La Décennie de l’inclusion des Roms est une initiative de pays européens sans précédent qui réunit les gouvernements ainsi que les organisations intergouvernementales et non gouvernementales afin d’éradiquer la discrimination raciale et d’améliorer la situation de la communauté marginalisée la plus peuplée. La Décennie 2005-2015 présentera une approche d’intégration globale à long terme1. Cette initiative montre comment le développement humain peut permettre de mettre fin à la discrimination raciale. Elle vise à maximiser les ressources afin d’améliorer la situation économique et sociale des Roms tout en examinant les stéréotypes raciaux et la discrimination auxquels ils sont confrontés. Le but de la Décennie est d’intégrer les Roms en tant que membres à part entière de la société, afin qu’ils jouissent des mêmes opportunités que les populations majoritaires.

L’initiative a été lancée le 2 février 2005 à Sofia, en Bulgarie, où les Premiers ministres des gouvernements participants – Bulgarie, Croatie, Hongrie, Monténégro, République tchèque, Roumanie, Serbie, Slovaquie et l’ancienne République yougoslave de Macédoine – ont signé la Déclaration de la Décennie, avec l’engagement de « travailler pour éliminer la discrimination et combler les écarts inacceptables entre les Roms et le reste de la société2 ». Les organisations internationales partenaires comprennent la Banque mondiale, l’Open Society Institute (OSI), le Programme des Nations Unies pour le développement (PNUD), le Conseil de l’Europe, l’Organisation pour la sécurité et la coopération en Europe (OSCE) ainsi que plusieurs organisations rom. La Décennie a également reçu le soutien de la Commission européenne, qui est membre du Comité directeur international (CDI).

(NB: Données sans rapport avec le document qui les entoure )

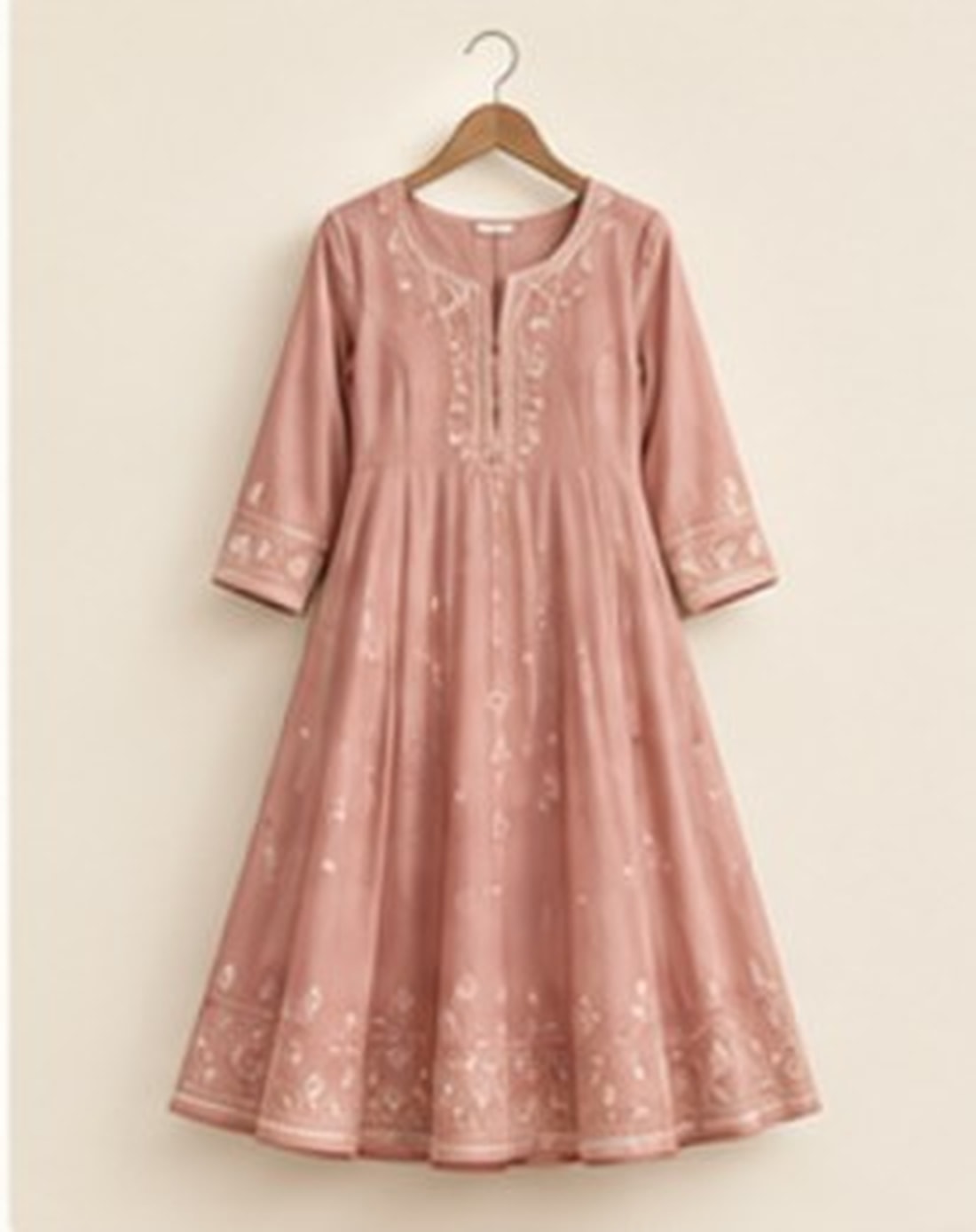 a line kurta silhouette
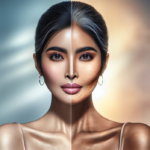 alt_text: Infografis tentang 16 tanda wajah kekurangan kolagen yang sering diabaikan.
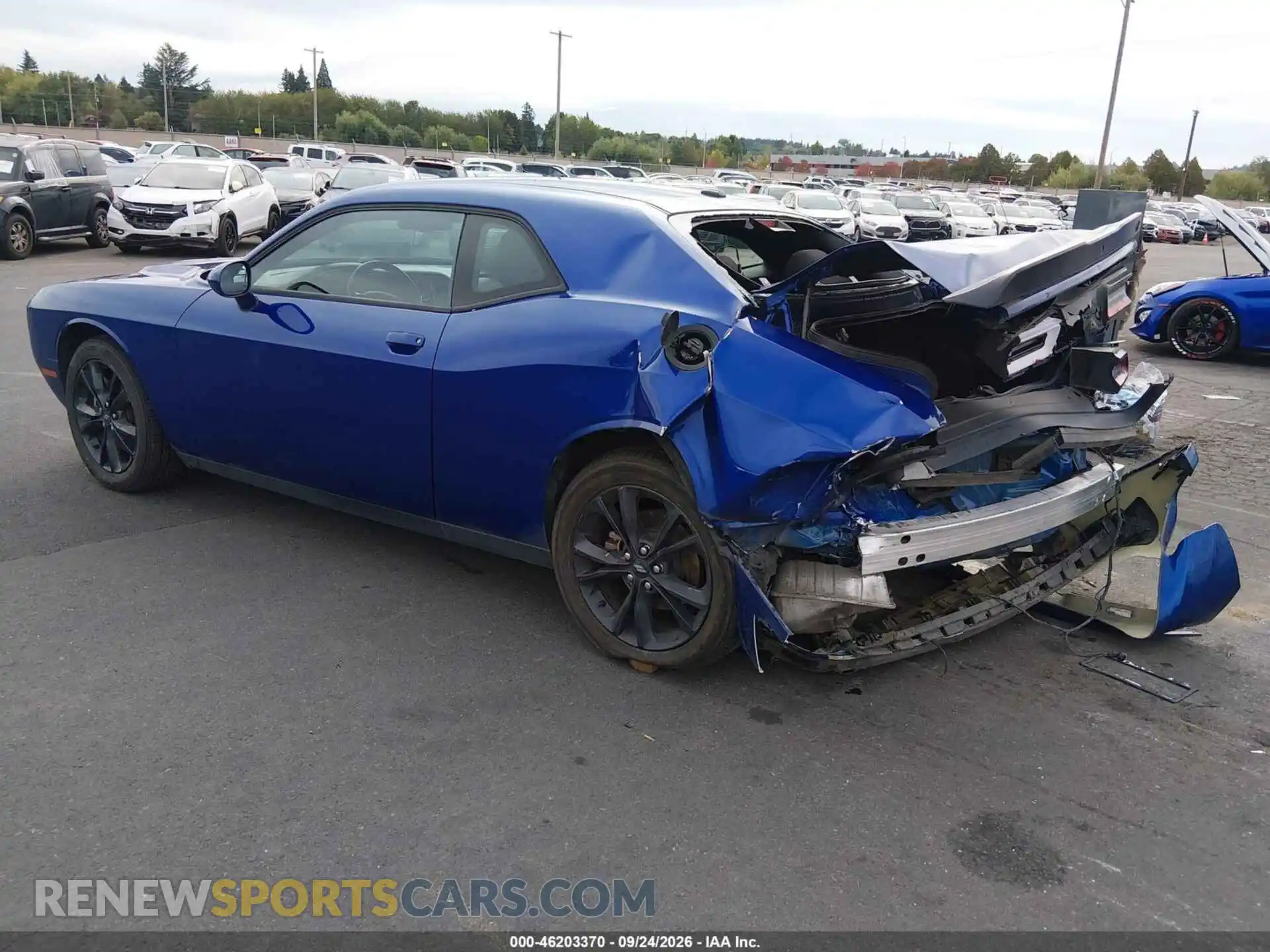 3 fotografías del automóvil dañado 2C3CDZGG0MH607532 DODGE CHALLENGER 2021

La Décennie est née d’une conférence régionale de haut niveau, « Les Roms dans une Europe en expansion : les défis pour l’avenir », organisée par la Hongrie en 2003. Les Roms constituent l’un des groupes de minorités ethniques les plus importants en Europe et représentent la plus grande minorité au sein de l’Union européenne élargie (UE). Selon les experts, entre 6,8 et 8,7 millions de Roms vivent en Europe aujourd’hui, avec près de 68 % dans les pays nouveaux membres de l’UE ainsi que dans les États candidats de l’Europe centrale, de l’Est et des Balkans3. Bien qu’ayant habité sur ces terres depuis un millénaire, les communautés roms continuent de faire face quotidiennement à la discrimination raciale et à l’exclusion. Un rapport de la Commission européenne, établi en 2004, a placé le traitement des Roms parmi les questions politiques, sociales et des droits de l’homme les plus urgentes auxquelles l’Europe est confrontée4.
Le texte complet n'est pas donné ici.